Menurut dia, mereka yang berani melaporkan suatu kejahatan bisa dikatakan sebagai “suara” dari orang-orang yang tidak bersuara. Mereka berani melapor kepada aparat penegak hukum.

"Hal itu sesuai dengan hakikat dari hadirnya LPSK yakni agar masyarakat berani melaporkan kejahatan,” kata Semendawai di Jakarta, Kamis (2/3).

BACA JUGA: Bambang Dicurigai Samarkan Aset Lewat Anak dan Istri

Semendawai mencontohkan, kasus pembungkaman terhadap pelapor kejahatan terbaru menimpa seorang aktivis antikorupsi di Palembang, Sumatera Selatan, berinisial SH.

Korban dan istrinya terkena lemparan air keras setelah sebelumnya menggelar aksi menyuarakan dugaan korupsi dana bantuan sosial di depan kantor Komisi Pemberantasan Korupsi (KPK) di Jakarta.

BACA JUGA: Panglima TNI: Tahun Ini Fokus Bersih-bersih Korupsi

Menurut Semendawai, peristiwa yang menimpa SH ini sudah terkategori upaya pembungkaman terhadap peran masyarakat dalam melaporkan tindak pidana, seperti korupsi.

Karenanya Semendawai menegaskan, sudah saatnya menagih komitmen penegakan hukum dalam menjamin keamanan masyarakat yang berani menyuarakan kejahatan. Karena kasus pembungkaman seperti yang dialami SH, juga dirasakan para pelapor lainnya.

“Ironi, kasusnya sudah dilaporkan ke penegak hukum, tetapi kasusnya tak kunjung jalan. Kondisi ini tentunya memerlukan atensi bersama, jangan sampai masyarakat takut dan tidak berani melaporkan kejahatan yang diketahuinya,” ujar dia.

Wakil Ketua LPSK Askari Razak menambahkan, peraturan yang mengatur partisipasi masyarakat melaporkan kejahatan memang sudah banyak. Namun, dari sisi realitasnya, ancaman masih terus membayangi pelapor. Kekerasan yang menimpa aktivis antikorupsi SH, sebenarnya bukan kali pertama dirasakannya. Sebelum penyiraman air keras tersebut, SH juga sudah mendapatkan kekerasan fisik berupa pembacokan yang terjadi di lingkungan kantor pemerintahan.

Ancaman khususnya yang berbentuk kekerasan fisik terhadap para pelapor kejahatan, sudah sepatutnya dapat diungkap penegak hukum.

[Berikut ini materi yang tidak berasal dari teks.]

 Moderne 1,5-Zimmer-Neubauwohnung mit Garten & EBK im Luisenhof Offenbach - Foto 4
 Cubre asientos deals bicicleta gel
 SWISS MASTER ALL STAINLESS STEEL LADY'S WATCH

Apalagi, kalau kasus kekerasan fisik tersebut sudah dilaporkan kepada penegak hukum.

“Pada kasus penyiraman air keras terhadap Saudara SH, sebelumnya sudah ada ancaman verbal yang ditujukan kepadanya. Seharusnya hal ini bisa menjadi pintu polisi untuk menyelidiki siapa pelakunya,” ungkap Askari.

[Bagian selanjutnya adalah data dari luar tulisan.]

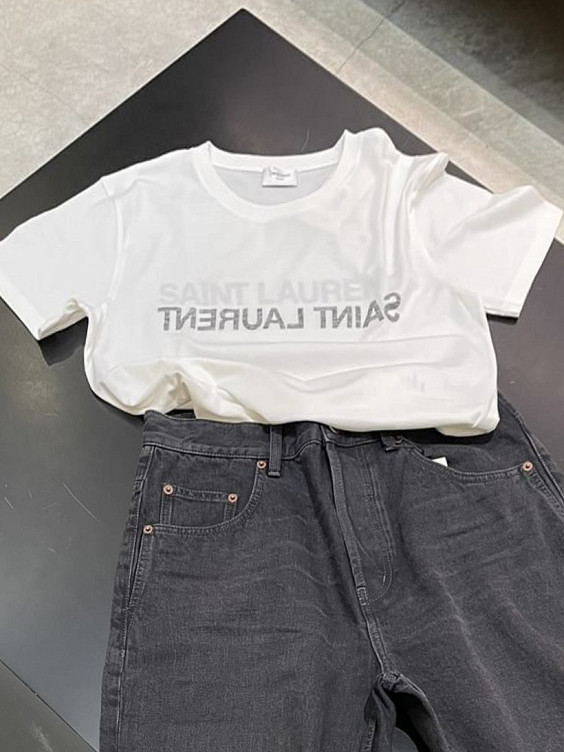 Saint Laurent Футболка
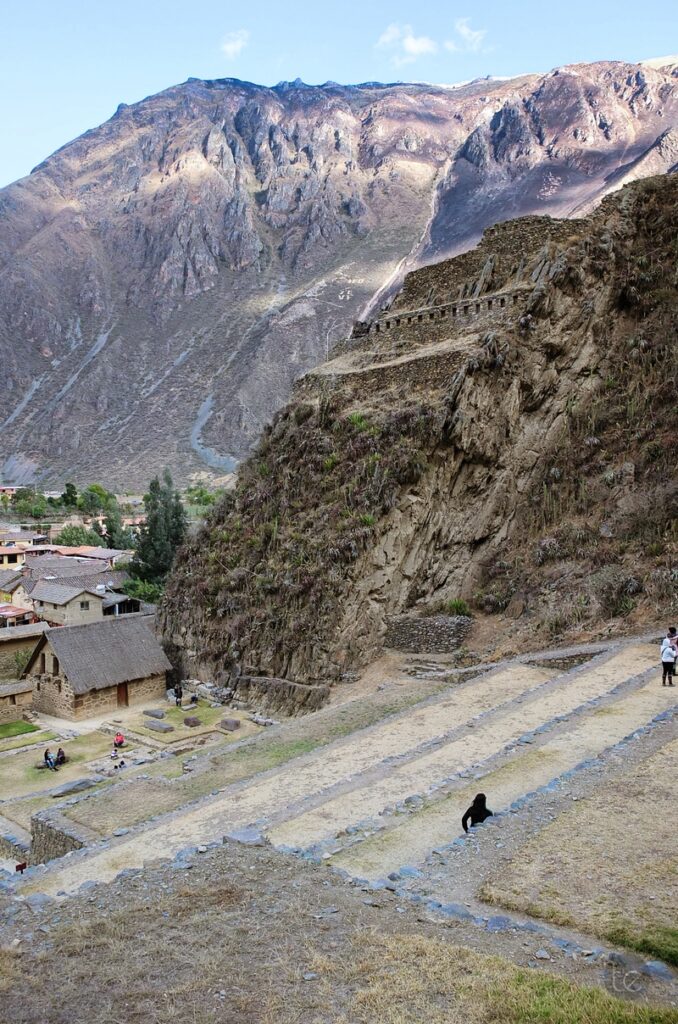 Ollantaytambo, Peru, South America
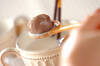 カンタンとろ～りチョコ白玉の作り方の手順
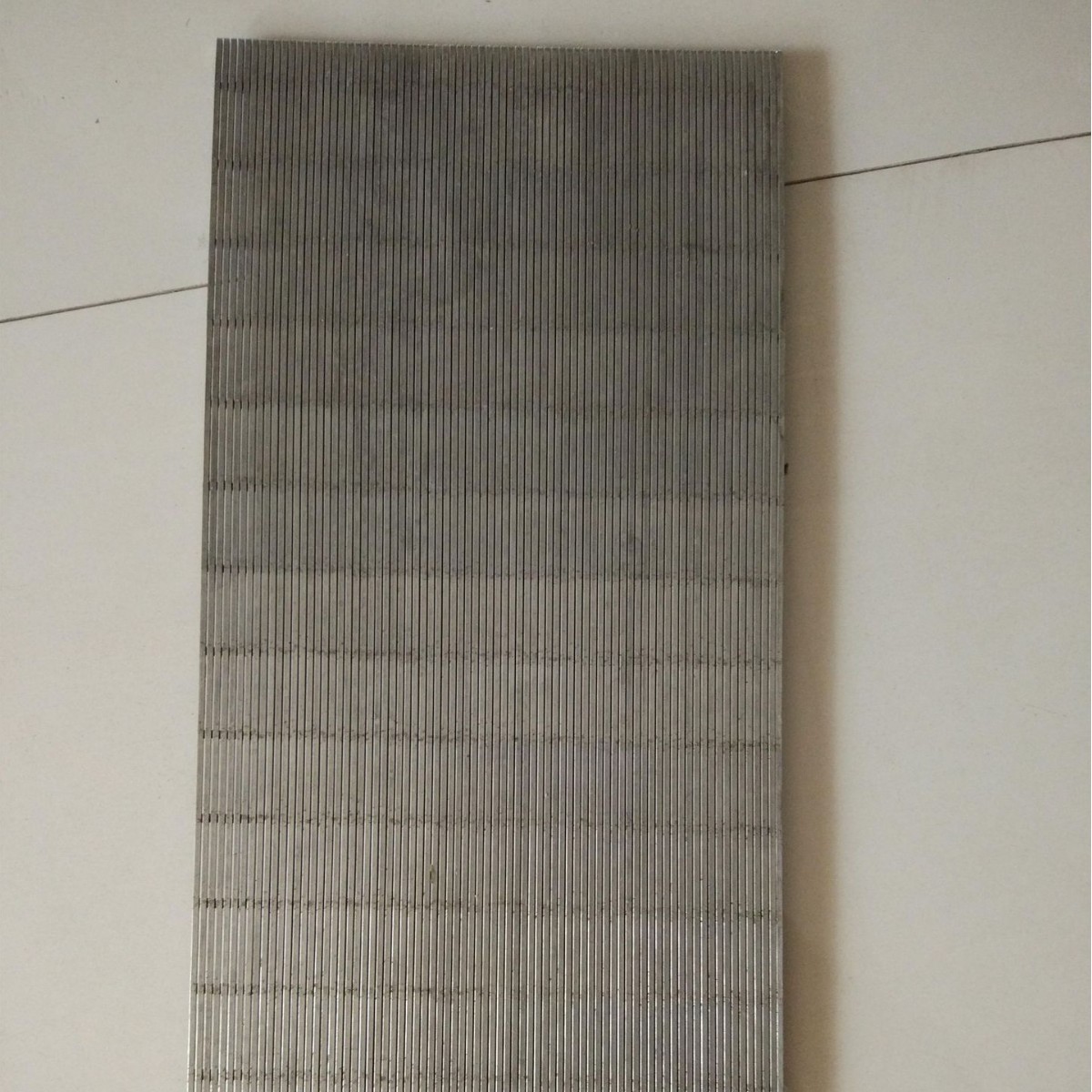 洗煤厂振动筛网 选煤厂弧形筛条缝筛板 焊接不锈钢矿筛网条缝筛网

Aktivis Indonesia Corruption Watch (ICW) Tama S Langkun mengatakan, ada dua pilihan yang biasanya ditujukan bagi mereka yang berani menjadi pelapor tindak pidana seperti korupsi. Pertama, mendapatkan ancaman, dianiaya bahkan bisa dibunuh. Kedua, para pelapor tersebut berpotensi dilaporkan balik dengan dengan dugaan pencemaran nama baik.

“Kalau polisi tidak responsif, hal (ancaman terhadap pelapor) ini akan terus terjadi,” ujar dia di kesempatan itu.

Tama menambahkan, volume penanganan perkara khususnya korupsi semakin tinggi, seperti terkait pengelolaan keuangan daerah. Kalau tidak ada perlindungan, masyarakat menjadi takut untuk berbicara apalagi sampai melapor kepada penegak hukum. Jika terus dibiarkan, tidak ada lagi yang berani menjadi pengawas keuangan negara, dan tindak pidana korupsi akan semakin subur.

“Tahapannya sudah kritis, harus ada upaya dari pemerintah melindungi pelapor korupsi,” katanya.(boy/jpnn)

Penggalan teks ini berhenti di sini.